#### WHAT YOU WILL DO
If an entry includes an image, drop the image and copy the rest verbatim.

#### EXERCISE INPUTS
__________________________________________________
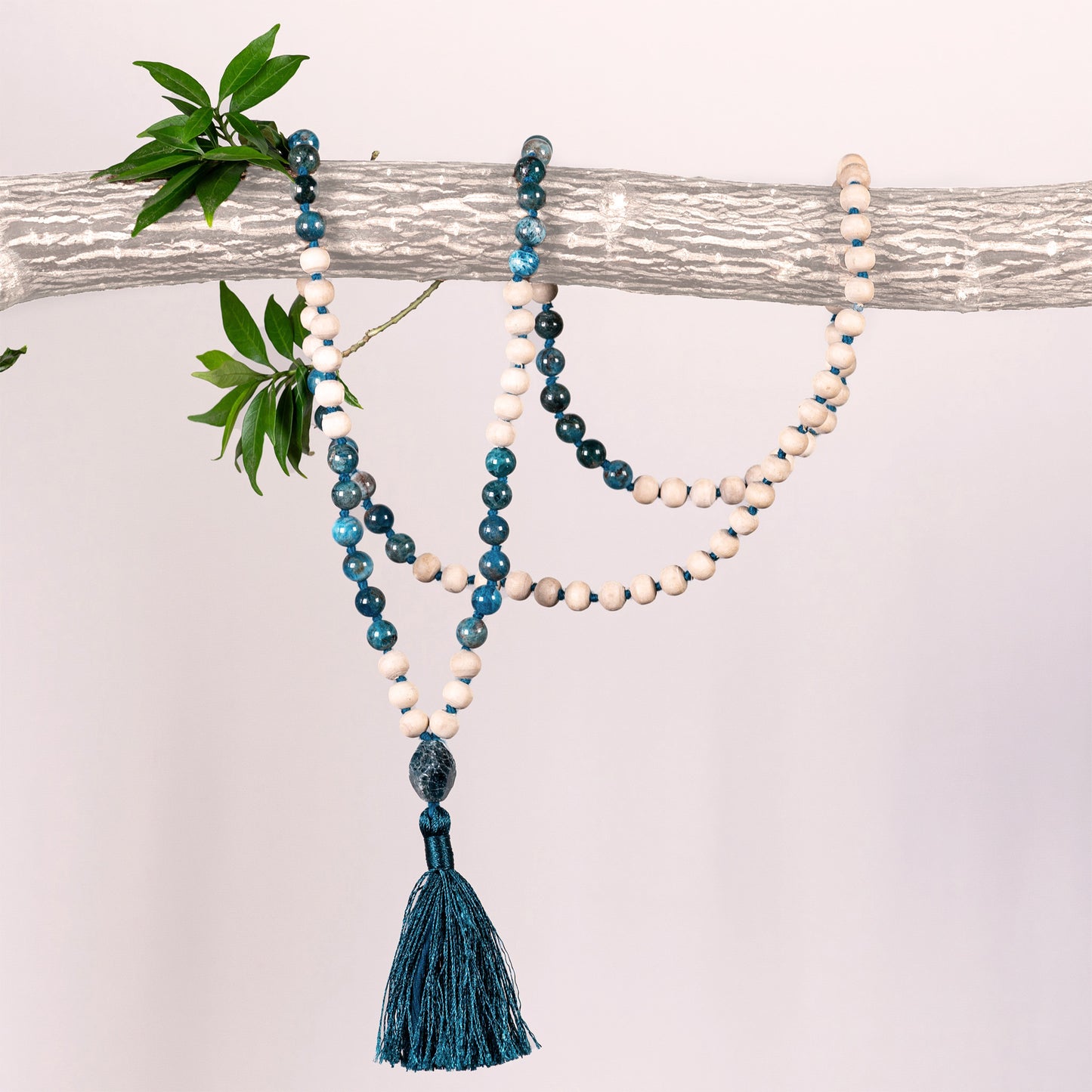 Vishnu - Tulsi & Gems Tassel Mala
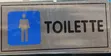 Blue Men's Toilet Sign - Self-Adhesive Silver Sticker - 1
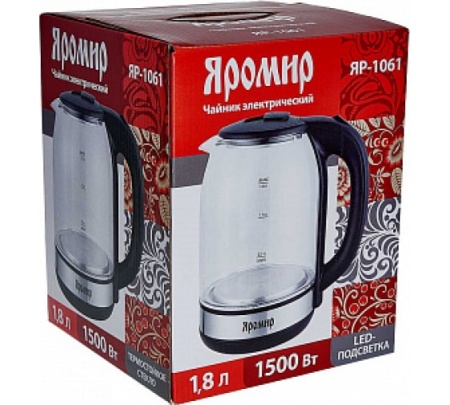 Чайник 1,8л ЯРОМИР ЯР-1061 1500Вт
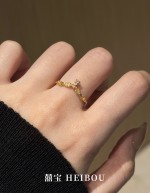 【6D镶嵌】花枝粉水滴-戒指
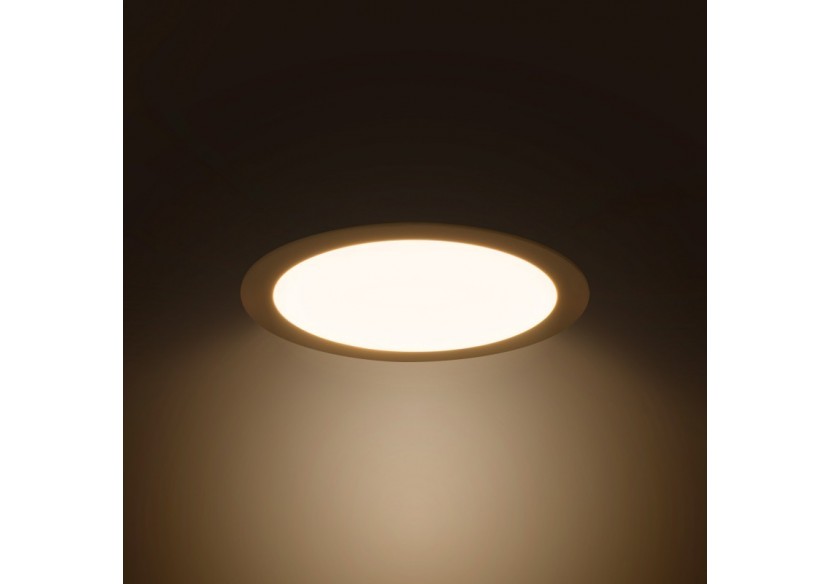 Downlight LED rond extra-plat 20W-Coupe diamètre 225mm - B1073-BC - Barcelona LED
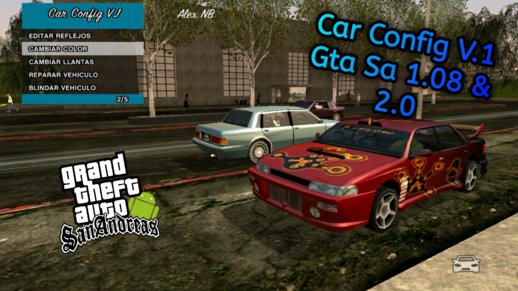 GTA SA ANDROID MODS: REPARAR CARROS EM QUALQUER LUGAR (72) 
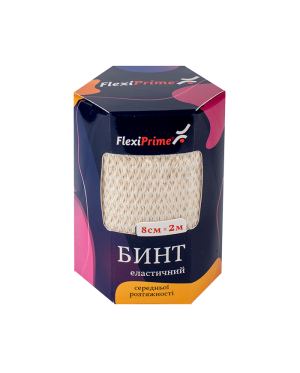 Бинт еластичний FlexiPrime® 8см*2м. Середньої розтяжності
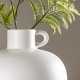 VENTURE DESIGN Cent vase, rund - offwhite stentj (24x24x33)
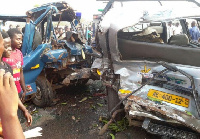 File photo of cars involved in an accident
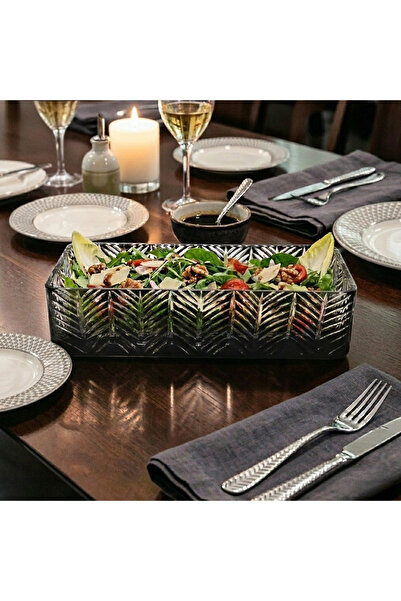 AYZ HOME Colorful Folia Hand-Cut Crystal Salad / Presentation Bowl - 12X24 cm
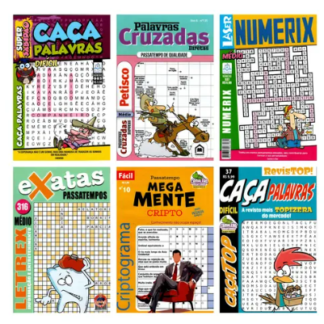 Revistas Cruzadinhas Sortidas - Passatempo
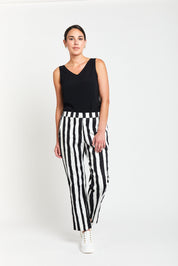 Obi Painterly Straight Leg Pant | Multi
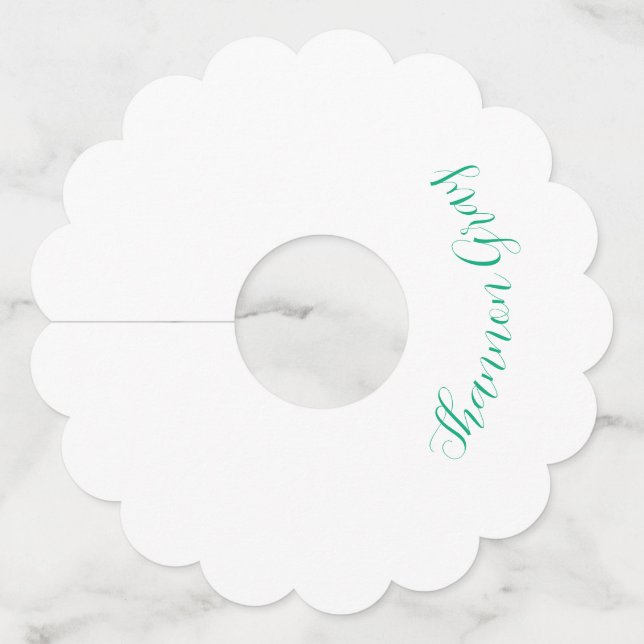 Shannon Grey Wine Glass Tag (Front)
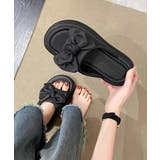 厚底サンダル リボン スリッパサンダル | Miniministore | 詳細画像13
__________________________________________________
#### ANSWER SECTION
 Vishnu - Tulsi & Gems Tassel Mala
 Blue Men's Toilet Sign - Self-Adhesive Silver Sticker - 1
 Чайник 1,8л ЯРОМИР ЯР-1061 1500Вт
 【6D镶嵌】花枝粉水滴-戒指
 Downlight LED rond extra-plat 20W-Coupe diamètre 225mm - B1073-BC - Barcelona LED
 GTA SA ANDROID MODS: REPARAR CARROS EM QUALQUER LUGAR (72) 
 Бинт еластичний FlexiPrime® 8см*2м. Середньої розтяжності
 VENTURE DESIGN Cent vase, rund - offwhite stentj (24x24x33)
 File photo of cars involved in an accident
 AYZ HOME Colorful Folia Hand-Cut Crystal Salad / Presentation Bowl - 12X24 cm
 Revistas Cruzadinhas Sortidas - Passatempo
 Obi Painterly Straight Leg Pant | Multi
 Shannon Grey Wine Glass Tag (Front)
 厚底サンダル リボン スリッパサンダル | Miniministore | 詳細画像13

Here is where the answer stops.